EXERCISE OBJECTIVE:
From the records below, copy each line in which the string "Party" occurs.
+++ GIVEN DATA +++
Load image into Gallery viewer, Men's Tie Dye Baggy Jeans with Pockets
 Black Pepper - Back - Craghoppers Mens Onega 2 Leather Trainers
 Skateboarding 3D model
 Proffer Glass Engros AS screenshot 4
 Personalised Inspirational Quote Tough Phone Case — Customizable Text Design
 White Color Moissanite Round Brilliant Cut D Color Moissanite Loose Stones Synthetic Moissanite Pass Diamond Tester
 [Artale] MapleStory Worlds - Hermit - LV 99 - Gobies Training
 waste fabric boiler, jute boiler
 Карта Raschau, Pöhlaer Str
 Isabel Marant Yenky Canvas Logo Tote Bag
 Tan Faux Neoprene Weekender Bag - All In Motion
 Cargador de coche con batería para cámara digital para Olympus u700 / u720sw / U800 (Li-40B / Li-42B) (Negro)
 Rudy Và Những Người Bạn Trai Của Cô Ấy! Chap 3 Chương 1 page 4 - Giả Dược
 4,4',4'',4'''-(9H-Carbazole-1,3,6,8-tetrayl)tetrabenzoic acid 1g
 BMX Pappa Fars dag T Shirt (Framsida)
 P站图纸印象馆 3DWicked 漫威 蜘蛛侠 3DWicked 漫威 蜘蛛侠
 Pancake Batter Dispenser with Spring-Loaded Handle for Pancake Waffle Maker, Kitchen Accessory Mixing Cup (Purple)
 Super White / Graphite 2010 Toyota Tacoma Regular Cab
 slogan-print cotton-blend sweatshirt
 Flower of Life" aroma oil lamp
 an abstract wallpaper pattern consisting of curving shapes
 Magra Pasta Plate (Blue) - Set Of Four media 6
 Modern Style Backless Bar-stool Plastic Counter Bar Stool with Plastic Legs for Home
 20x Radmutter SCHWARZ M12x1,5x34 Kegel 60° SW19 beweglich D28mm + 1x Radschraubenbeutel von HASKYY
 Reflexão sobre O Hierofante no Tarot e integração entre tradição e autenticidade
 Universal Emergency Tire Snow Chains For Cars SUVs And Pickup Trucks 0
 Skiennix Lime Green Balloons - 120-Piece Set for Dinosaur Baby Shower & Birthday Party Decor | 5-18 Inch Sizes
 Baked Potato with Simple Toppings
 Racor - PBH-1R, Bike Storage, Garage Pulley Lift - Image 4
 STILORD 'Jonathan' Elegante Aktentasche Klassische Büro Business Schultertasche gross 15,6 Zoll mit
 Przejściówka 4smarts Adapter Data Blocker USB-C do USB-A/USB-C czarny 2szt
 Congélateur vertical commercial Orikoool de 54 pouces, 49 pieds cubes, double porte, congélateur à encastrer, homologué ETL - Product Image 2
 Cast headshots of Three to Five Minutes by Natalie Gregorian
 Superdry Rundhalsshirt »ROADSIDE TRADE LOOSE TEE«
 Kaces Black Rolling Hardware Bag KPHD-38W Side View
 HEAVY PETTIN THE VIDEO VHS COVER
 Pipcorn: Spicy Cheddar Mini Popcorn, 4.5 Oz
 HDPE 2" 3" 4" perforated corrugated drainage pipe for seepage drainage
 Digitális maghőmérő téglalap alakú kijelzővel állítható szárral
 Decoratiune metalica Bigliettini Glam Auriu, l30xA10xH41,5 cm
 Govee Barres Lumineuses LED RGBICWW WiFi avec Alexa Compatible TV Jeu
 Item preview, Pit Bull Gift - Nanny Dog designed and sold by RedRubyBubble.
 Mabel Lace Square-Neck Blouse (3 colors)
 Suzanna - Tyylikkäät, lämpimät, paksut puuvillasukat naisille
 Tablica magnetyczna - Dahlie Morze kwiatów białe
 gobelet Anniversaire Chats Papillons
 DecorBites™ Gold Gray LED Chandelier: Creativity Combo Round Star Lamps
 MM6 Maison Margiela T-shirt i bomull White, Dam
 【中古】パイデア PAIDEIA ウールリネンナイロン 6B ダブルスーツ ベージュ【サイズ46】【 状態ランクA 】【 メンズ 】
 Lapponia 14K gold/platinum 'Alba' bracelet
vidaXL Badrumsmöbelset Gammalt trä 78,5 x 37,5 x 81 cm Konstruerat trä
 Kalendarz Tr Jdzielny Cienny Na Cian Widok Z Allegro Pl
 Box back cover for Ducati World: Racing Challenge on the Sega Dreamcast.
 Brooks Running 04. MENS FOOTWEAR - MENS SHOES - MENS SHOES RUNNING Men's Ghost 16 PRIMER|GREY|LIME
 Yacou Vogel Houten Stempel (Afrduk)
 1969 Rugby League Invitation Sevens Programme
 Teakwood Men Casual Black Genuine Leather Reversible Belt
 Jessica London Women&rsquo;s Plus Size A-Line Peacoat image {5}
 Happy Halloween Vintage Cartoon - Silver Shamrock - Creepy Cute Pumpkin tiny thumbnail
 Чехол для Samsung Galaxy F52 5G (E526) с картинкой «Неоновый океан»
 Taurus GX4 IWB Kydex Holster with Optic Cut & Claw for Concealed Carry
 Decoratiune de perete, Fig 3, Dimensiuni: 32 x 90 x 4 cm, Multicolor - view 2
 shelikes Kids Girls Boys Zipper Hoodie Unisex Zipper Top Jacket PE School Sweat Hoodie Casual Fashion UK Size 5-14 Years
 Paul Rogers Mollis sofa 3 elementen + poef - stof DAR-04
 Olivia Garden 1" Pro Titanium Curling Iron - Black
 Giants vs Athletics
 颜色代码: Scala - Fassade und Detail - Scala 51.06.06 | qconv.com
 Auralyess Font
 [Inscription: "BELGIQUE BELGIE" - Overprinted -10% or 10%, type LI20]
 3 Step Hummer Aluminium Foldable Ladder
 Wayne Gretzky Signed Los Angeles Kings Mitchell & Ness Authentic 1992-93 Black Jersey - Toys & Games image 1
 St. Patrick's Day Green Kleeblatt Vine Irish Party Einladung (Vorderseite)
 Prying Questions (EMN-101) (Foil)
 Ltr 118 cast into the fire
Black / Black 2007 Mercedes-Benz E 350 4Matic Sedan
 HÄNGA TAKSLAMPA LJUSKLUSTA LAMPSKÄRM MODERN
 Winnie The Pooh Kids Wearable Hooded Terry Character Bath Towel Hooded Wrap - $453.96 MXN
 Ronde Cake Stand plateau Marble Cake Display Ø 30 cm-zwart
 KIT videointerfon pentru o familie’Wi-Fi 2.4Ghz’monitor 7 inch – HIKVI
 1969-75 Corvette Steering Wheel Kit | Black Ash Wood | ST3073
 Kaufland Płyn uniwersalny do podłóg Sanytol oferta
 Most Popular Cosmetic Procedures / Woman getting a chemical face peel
+++
WRITTEN ANSWER:
 Skiennix Lime Green Balloons - 120-Piece Set for Dinosaur Baby Shower & Birthday Party Decor | 5-18 Inch Sizes
 St. Patrick's Day Green Kleeblatt Vine Irish Party Einladung (Vorderseite)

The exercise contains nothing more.